Selain itu, Prabowo juga membentuk tim khusus untuk merevisi undang-undang terkait batasan fiskal. Jika revisi ini berhasil, profil fiskal Indonesia bisa mengalami penurunan yang lebih dalam, berisiko memperburuk kepercayaan investor dan semakin menekan rupiah.
Efek Kebijakan The Fed terhadap Rupiah
Di sisi eksternal, kebijakan moneter AS juga berdampak langsung pada pergerakan rupiah. BMI memperkirakan bahwa The Fed hanya akan memangkas suku bunga sebesar 50 basis poin menjadi 4,00% pada akhir 2025. Dengan pemangkasan yang lebih kecil dari ekspektasi pasar, investor kemungkinan akan tetap memilih aset berdenominasi dolar AS, sehingga menambah tekanan pada rupiah.
Selain itu, kebijakan proteksionisme yang diterapkan oleh mantan Presiden AS, Donald Trump, diperkirakan akan memperburuk tekanan inflasi global. Hal ini dapat menyebabkan perlambatan dalam siklus pelonggaran moneter AS dan menghambat pemulihan mata uang negara berkembang, termasuk Indonesia.
Investor Khawatir, Pasar Saham Tertekan
Selain melemahkan rupiah, ketidakpastian ekonomi juga mempengaruhi pasar modal. Pemerintah berencana membentuk sovereign wealth fund kedua bernama Danantara, yang bertujuan untuk mengambil alih kendali atas beberapa perusahaan BUMN strategis. Namun, langkah ini justru menimbulkan kekhawatiran di kalangan investor.

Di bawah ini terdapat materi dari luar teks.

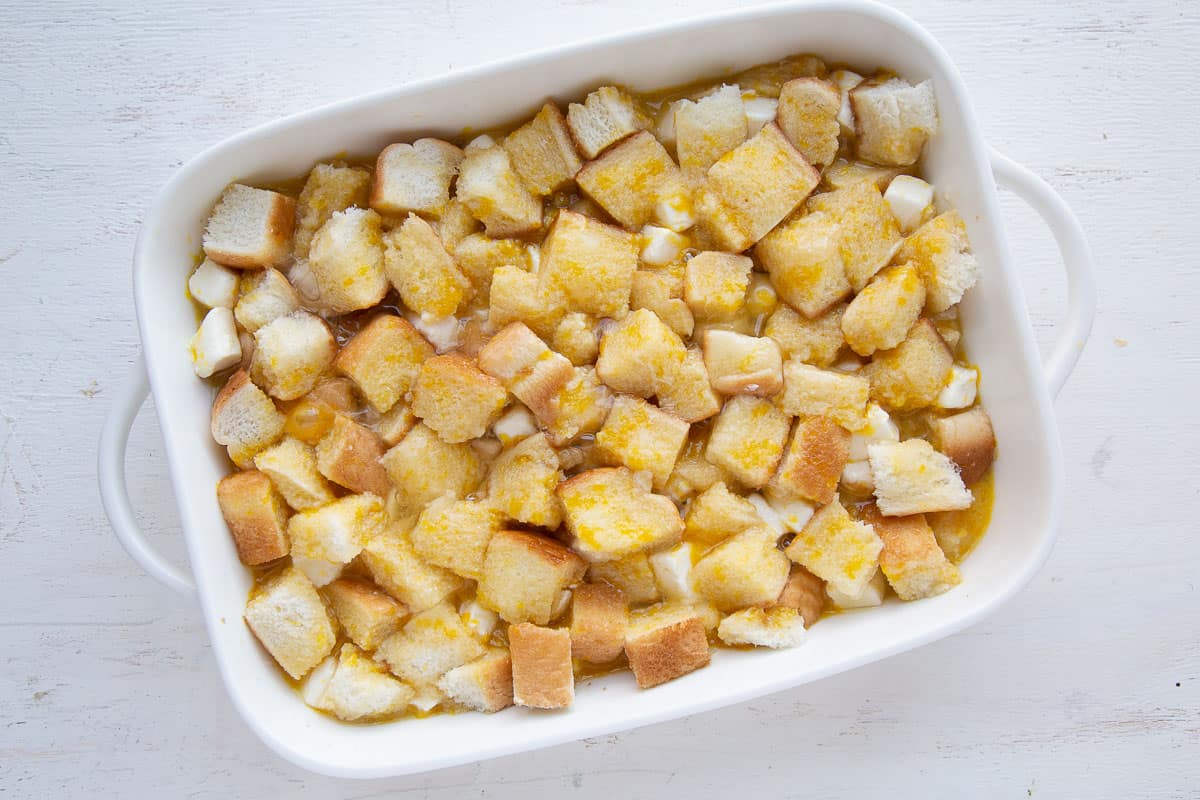 bread cubes soaked with beaten eggs in a white casserole dish.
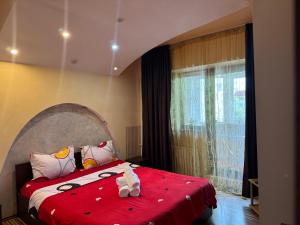 Giường trong phòng chung tại Central Lovely Apartment Craiova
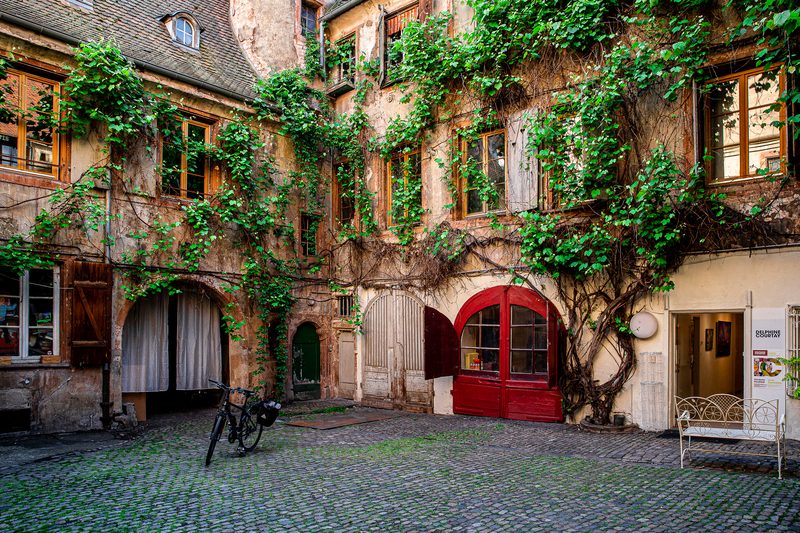 Une cour de la Petite France couverte de vigne, sa porte rouge et son banc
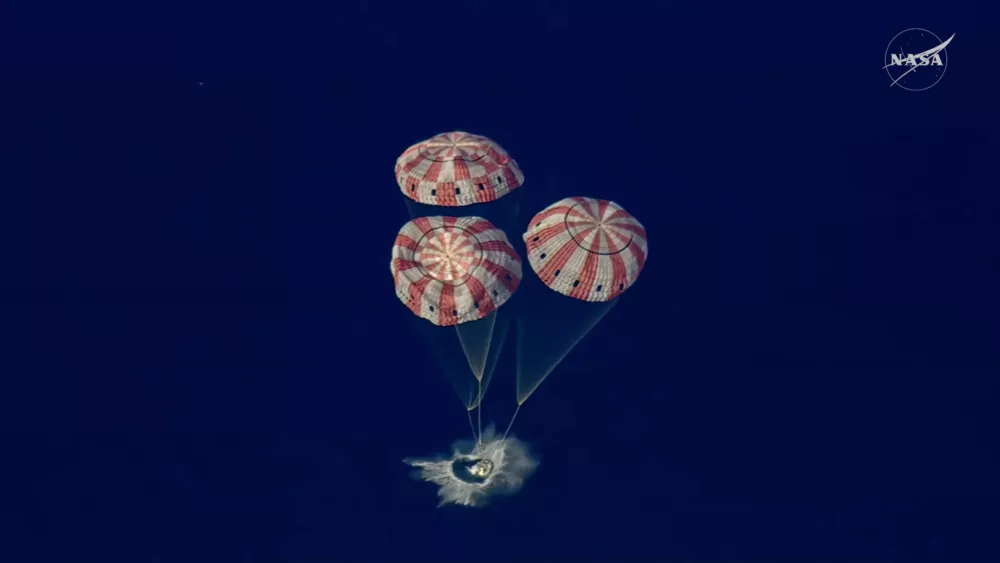 In this image from video provided by NASA, the Artemis II Orion capsule splashes down in the Pacific Ocean, on Friday, April 10, 2026. (NASA via AP)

Pasca pengumuman pembentukan Danantara, arus modal keluar meningkat tajam, menyebabkan Indeks Harga Saham Gabungan (IHSG) turun sekitar 6%. Hal ini menjadi tanda bahwa kepercayaan investor terhadap stabilitas ekonomi Indonesia mulai terganggu.
Tantangan Besar Menanti Rupiah
Dengan berbagai tekanan eksternal dan internal, nilai tukar rupiah masih berisiko mengalami pelemahan lebih lanjut. Bank Indonesia terus berupaya menstabilkan nilai tukar melalui intervensi pasar, sementara pemerintah menghadapi tantangan besar dalam menjaga kepercayaan investor.
Jika kondisi ini tidak segera ditangani dengan kebijakan yang tepat, bukan tidak mungkin pelemahan rupiah akan berlanjut hingga mencapai Rp17.000 per dolar AS pada akhir 2025. Oleh karena itu, diperlukan strategi ekonomi yang lebih solid untuk menghadapi ketidakpastian global dan menjaga stabilitas nilai tukar rupiah di masa mendatang.